> _YOUR OBJECTIVE_
Please print, word for word, every line from the one that contains "feedback của khách hàng" through the last line of the records, and nothing else.

·····

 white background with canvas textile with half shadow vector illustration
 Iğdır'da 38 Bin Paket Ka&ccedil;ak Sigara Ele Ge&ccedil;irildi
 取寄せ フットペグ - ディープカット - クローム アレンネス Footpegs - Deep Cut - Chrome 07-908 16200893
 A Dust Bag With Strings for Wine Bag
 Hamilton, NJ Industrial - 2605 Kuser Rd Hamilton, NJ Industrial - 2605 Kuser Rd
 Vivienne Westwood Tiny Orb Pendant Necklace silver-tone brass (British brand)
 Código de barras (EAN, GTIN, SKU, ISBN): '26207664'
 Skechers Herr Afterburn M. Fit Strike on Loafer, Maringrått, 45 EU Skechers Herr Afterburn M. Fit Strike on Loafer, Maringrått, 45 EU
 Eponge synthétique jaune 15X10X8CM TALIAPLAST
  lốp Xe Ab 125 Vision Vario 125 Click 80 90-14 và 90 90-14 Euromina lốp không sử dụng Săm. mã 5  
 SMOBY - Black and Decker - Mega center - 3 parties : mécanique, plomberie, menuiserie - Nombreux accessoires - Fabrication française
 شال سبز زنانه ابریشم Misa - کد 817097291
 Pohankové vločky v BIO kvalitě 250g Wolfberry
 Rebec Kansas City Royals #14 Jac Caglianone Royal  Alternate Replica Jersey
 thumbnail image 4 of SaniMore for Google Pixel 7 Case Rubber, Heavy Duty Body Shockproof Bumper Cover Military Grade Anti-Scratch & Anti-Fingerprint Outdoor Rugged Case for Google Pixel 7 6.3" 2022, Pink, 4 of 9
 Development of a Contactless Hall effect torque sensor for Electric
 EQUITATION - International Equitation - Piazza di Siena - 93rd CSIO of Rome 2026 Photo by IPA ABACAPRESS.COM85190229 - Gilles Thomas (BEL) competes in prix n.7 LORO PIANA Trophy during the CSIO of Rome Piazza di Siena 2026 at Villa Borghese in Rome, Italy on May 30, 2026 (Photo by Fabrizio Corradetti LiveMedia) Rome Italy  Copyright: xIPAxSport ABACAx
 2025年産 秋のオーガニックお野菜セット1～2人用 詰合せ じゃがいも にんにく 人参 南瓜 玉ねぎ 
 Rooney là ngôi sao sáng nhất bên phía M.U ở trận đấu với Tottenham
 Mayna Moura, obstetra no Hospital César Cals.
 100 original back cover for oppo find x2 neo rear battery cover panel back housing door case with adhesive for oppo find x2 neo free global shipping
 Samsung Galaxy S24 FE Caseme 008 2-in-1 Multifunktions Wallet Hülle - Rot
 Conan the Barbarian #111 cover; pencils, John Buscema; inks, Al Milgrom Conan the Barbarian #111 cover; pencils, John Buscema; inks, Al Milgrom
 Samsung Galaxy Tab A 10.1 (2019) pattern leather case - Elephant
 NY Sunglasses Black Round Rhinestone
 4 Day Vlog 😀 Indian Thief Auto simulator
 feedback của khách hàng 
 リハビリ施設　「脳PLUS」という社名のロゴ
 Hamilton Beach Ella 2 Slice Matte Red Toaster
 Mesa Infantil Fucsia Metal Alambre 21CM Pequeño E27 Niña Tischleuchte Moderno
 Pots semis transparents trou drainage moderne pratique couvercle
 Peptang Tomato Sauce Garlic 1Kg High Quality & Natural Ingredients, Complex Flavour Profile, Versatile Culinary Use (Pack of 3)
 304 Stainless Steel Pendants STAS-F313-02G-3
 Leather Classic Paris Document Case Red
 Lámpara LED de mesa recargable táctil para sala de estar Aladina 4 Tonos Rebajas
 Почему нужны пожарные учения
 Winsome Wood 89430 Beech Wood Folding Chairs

·····

> _OUTPUT_
 feedback của khách hàng 
 リハビリ施設　「脳PLUS」という社名のロゴ
 Hamilton Beach Ella 2 Slice Matte Red Toaster
 Mesa Infantil Fucsia Metal Alambre 21CM Pequeño E27 Niña Tischleuchte Moderno
 Pots semis transparents trou drainage moderne pratique couvercle
 Peptang Tomato Sauce Garlic 1Kg High Quality & Natural Ingredients, Complex Flavour Profile, Versatile Culinary Use (Pack of 3)
 304 Stainless Steel Pendants STAS-F313-02G-3
 Leather Classic Paris Document Case Red
 Lámpara LED de mesa recargable táctil para sala de estar Aladina 4 Tonos Rebajas
 Почему нужны пожарные учения
 Winsome Wood 89430 Beech Wood Folding Chairs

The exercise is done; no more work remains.